Turn Big Into Small

Searles Park, Rockford, IL

The official distance for a high school cross country race in the state of Illinois is 3 miles. The best guys in the state will run close to 14 minutes, with many others running closer to 20 minutes or even longer. So needless to say, this is a long race. If I’m remembering correctly, my fastest high school time was 15:01. I won’t say I hated running a race that took 15 minutes of my time, but I wasn’t comfortable running that distance. I was a middle distance runner on the track, so I was more comfortable running all out for two minutes or less. It hurt a lot, but at least it was over quickly. It should be no surprise that I wasn’t happy when I had to move up to running 10 kilometers (6.2 miles) for cross country races in college.

Despite the uncomfortable distances I had to run in cross country, I wanted to be good. I wanted to win every race that I ran and I did everything I could to do that. I guess I was smarter than I remember at the age of 15 because I developed a strategy to get through those longer races with the best possible result. I know I wasn’t alone with this strategy and I’m sure many coaches actually taught their athletes to use it, but I thought it was worth sharing because it relates to really any seemingly big task we decide to take on in life.

Cross country courses were usually on golf courses, in city parks, in forest preserves, or on some random piece of land that had decent footing. The courses were marked off with flags and spray paint so they could be easily navigated.
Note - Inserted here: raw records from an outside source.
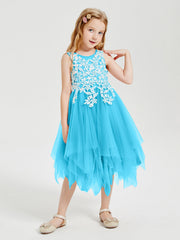 Abiti Damigella Junior In Tulle Lunghezza Al Polpaccio Blu Piscina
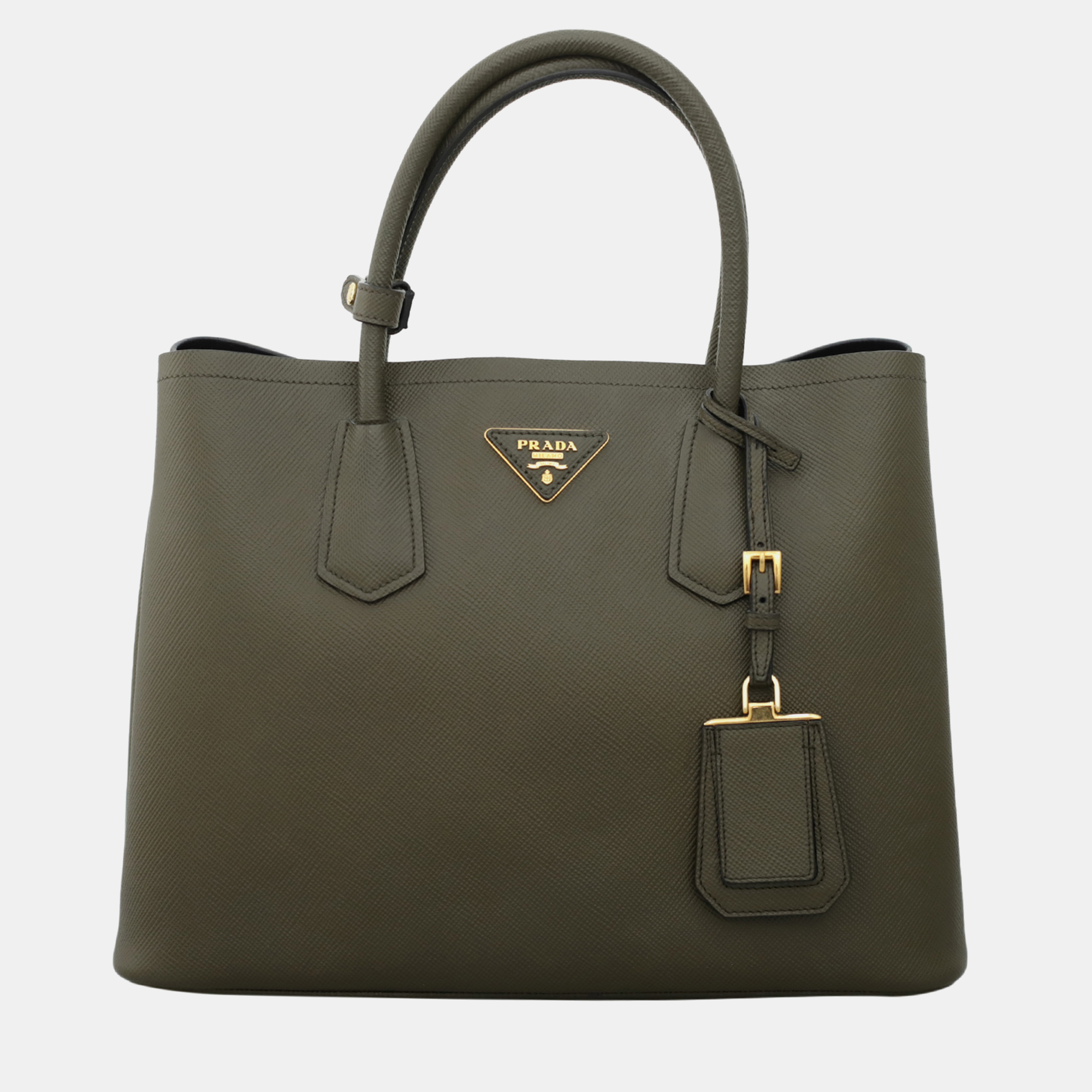Prada Double Handle Green Tote Bag - Prada - Modalova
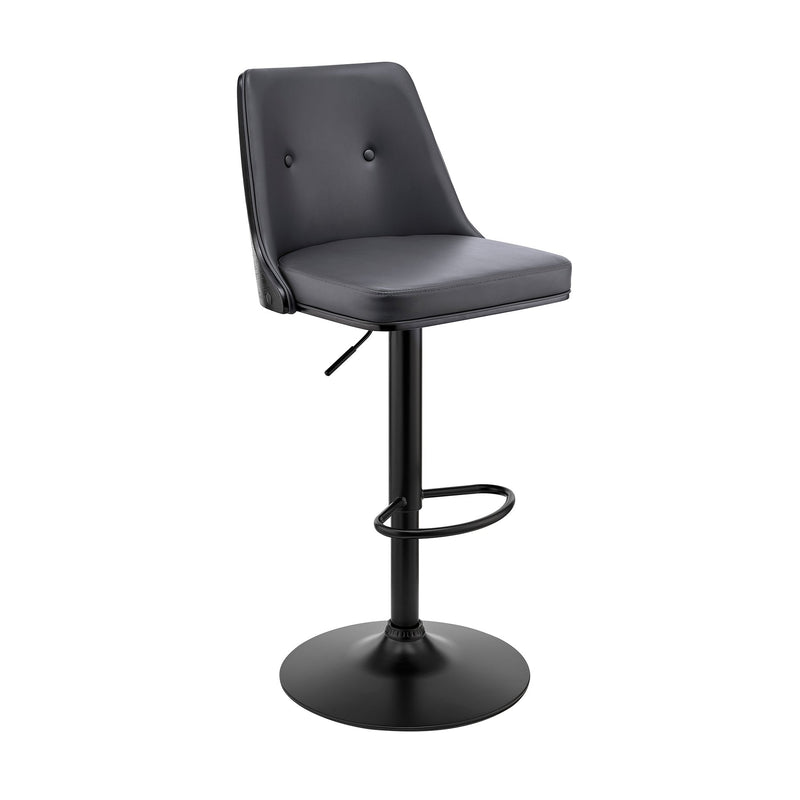 Jacob Adjustable Swivel Gray Faux Leather and Black Wood Bar Stool with Black Base - Furniture City (CA)l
We would usually take a bus to run the course we were to compete on the day before we were to run the meet. This gave us an opportunity to become familiar with the course. This helped us 1) to get familiar with the course so we wouldn’t get lost and 2) to mentally prepare for the race. I used it as an opportunity to break the course up into smaller pieces that would allow me to make the task of running a race for 15 minutes easier.

We used to run a course in Rockford at Searles Park (above). The race started in a big open field and ran a little bit downhill into a smaller opening that went past a pavilion and then into another open area that included a dog park. It ran slightly uphill next to the road you would access the park on and around small baseball fields and then back into the open space we started on. We did the loop twice and finished in the big open field we started in. This was the three mile course.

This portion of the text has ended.